Sun Dried Tomato Artichoke Parmesan Chicken Drumsticks

Course: Main Course
Prep Time: 10 minutes
Cook Time: 1 hour
Total Time: 2 days 12 hours 10 minutes
Servings: 4
Author: Lord Byron's Kitchen
Print Recipe


  • 8 chicken drumsticks, skin on
  • 1/2 cup olive oil
  • 1/4 cup canned artichokes marinated in water, drained, chopped
  • 1/4 cup dried sun dried tomatoes, chopped (if using tomatoes packed in oil, cut back on the olive oil)
  • 1/4 cup parmesan cheese
  • 1/4 teaspoon ground black pepper


  • Preheat oven to 350 degrees.
  • Line a baking sheet with parchment paper and set aside.
  • Add all ingredients to a food processor and pulse until smooth.
  • Toss the chicken drumsticks in the sauce mixture to evenly coat. (Save the sauce mixture!)
  • Place the drumsticks on the baking sheet, leaving ample room between each drumstick.
  • Bake for 30 minutes.
  • Remove from oven and brush with the remaining sauce mixture. Return the drumsticks to the oven and bake for an additional 30 minutes.

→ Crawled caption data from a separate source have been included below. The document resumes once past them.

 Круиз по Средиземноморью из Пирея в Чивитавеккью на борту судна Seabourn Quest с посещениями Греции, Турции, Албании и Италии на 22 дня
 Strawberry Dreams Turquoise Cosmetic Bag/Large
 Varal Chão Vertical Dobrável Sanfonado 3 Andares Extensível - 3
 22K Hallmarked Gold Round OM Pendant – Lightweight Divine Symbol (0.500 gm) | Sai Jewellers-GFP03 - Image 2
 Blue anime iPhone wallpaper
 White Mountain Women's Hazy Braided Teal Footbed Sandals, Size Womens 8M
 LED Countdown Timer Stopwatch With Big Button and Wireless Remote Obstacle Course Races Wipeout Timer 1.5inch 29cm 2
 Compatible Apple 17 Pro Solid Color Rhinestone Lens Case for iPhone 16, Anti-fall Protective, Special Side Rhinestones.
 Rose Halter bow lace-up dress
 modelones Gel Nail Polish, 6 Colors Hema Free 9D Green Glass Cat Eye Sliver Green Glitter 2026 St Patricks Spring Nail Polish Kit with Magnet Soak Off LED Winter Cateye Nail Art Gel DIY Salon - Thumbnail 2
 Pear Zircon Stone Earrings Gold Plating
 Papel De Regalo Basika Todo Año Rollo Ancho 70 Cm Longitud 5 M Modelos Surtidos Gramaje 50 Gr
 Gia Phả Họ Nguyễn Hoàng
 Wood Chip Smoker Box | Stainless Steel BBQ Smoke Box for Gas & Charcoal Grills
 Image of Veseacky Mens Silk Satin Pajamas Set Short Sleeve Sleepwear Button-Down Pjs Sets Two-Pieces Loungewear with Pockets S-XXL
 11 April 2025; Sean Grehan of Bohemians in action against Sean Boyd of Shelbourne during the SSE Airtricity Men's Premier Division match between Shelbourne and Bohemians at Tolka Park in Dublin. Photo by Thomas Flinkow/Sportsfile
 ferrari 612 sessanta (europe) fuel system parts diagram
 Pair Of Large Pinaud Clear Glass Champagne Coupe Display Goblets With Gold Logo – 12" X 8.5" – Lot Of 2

Depending on the density of your sun dried tomatoes and the coarseness of your parmesan cheese, you might need to adjust the amount of olive oil. I used exactly 1/2 cup. Start with a 1/4 cup and add a tablespoon or two at a time until you've reached a smooth, runny consistency. The sauce mixture should coat the drumsticks the same way a whisked egg would if you were preparing a fried chicken recipe.